Consider the realistic transportation scenario [10] depicted in Fig. 1. The process model shown in Fig. 1d collects multiple measurements relevant to an underlying public transport process, i.e., delay, weather, traffic, and construction sites, as response of one service call. The resulting data is logged in the XES SensorStream format. The raw sensor streams for weather and traffic are depicted in Fig. 1a and Fig. 1b respectively. As can be seen from the weather sensor stream, multiple measurements are contained, e.g., temperature, wind, or pressure, in an arbitrary and hence unsystematic way. In order to utilize the sensor streams for process analysis and predictive process monitoring, the sensor streams are to be prepared, i.e., relevant sensor information is to be extracted from the raw stream and clustered into individual data streams. These data streams can then be annotated to process tasks such that, in the sequel, the data streams can be already collected in a systematic way.

Fig. 1.
figure 1

Public Transportation - External Service Log Data and Process Model

Explicitly annotating information about how and which data is collected in individual tasks of a process model is necessary for “Placing Sensors in a Process-Aware Way” [6]. However, as doing so manually is time-consuming, cumbersome, and error-prone, this paper provides a sensor stream extraction and fusion approach that constitutes the prerequisite for future task annotation. The approach (1) breaks down raw sensor streams in process event logs into comparable components, (2) describes how to determine a distance between these components in order to enable clustering and (3) explores different methods of clustering the collected context data to find individual data streams (sensor stream fusion).
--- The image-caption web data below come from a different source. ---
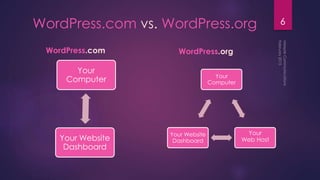 6WordPress.com vs. WordPress.org
WordPress.com WordPress.org
Your
Computer
Your
Web Host
Your Website
Dashboard
Your
Computer
Your Website
Dashboard
 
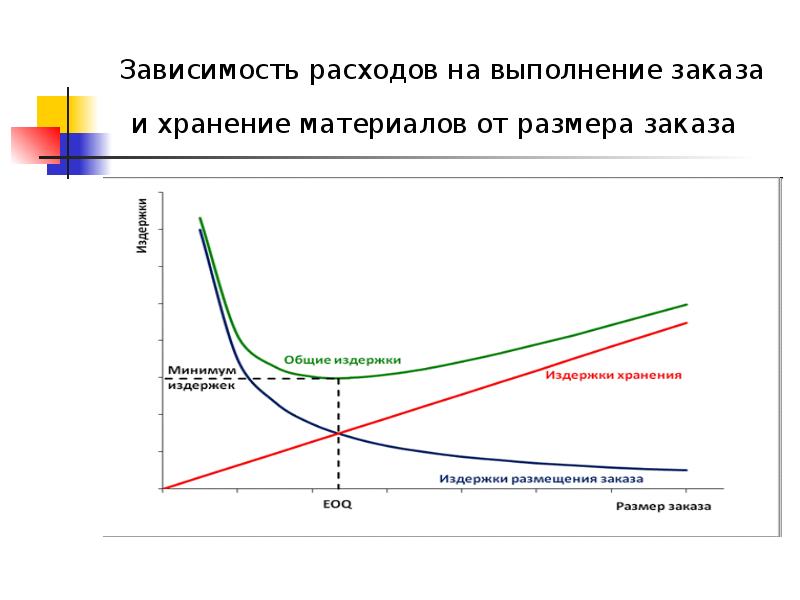 Оптимальный размер заказа составит. Зависимость затрат от размера заказа. Зависимость издержек от размера заказа. Оптимальный размер заказа график. Затраты на выполнение заказа.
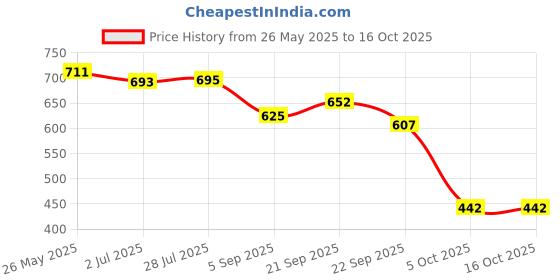 amazon.in rupa Men's Cotton Regular Printed Briefs (Pack of 5) (Macroman Mini 100x5_Multicolour_100 CM) rupa Price History Graph from 26 May 2025 to 15 Oct 2025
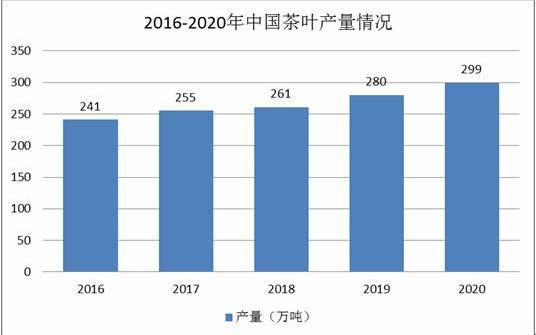 茶叶行业市场分析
The approach is evaluated using a synthetically created data set which portrays weather data and is used to demonstrate the applicability of the approach and a real-world data set from the manufacturing domain which contains context data from the machine tool and measuring machine used in the process.

Section 2 describes the approach presented in this paper, Sect. 3 contains the evaluation of the approach and Sect. 4 discusses the results. Furthermore, Sect. 5 gives an overview over related work and the paper is concluded in Sect. 6.

2 Context Data Clustering Approach

As motivated in the introduction and the transportation use case (cf. Fig. 1), sensor data streams collected as context data during process execution, currently, cannot be directly processed for process analysis and prediction due to the following reasons:

  1. 1.

    Sensor data might occur at “random” times from the point of view of the process as machines and sensors might not always send the same data or external endpoints are not under the control of the process.

  2. 2.

    Endpoints might provide different data depending on their implementation or be changed over time leading to inhomogeneous sensor data.

  3. 3.

    Sensor streams might contain multiple measurements, e.g., different data streams of a machine or different sensor readings are combined.

  4. 4.

    Due to the inhomogeneity, the raw sensor data does not have any schema.

  5. 5.

    It is unclear which sensor streams or parts of sensor streams are connected to the process instance or to single process tasks.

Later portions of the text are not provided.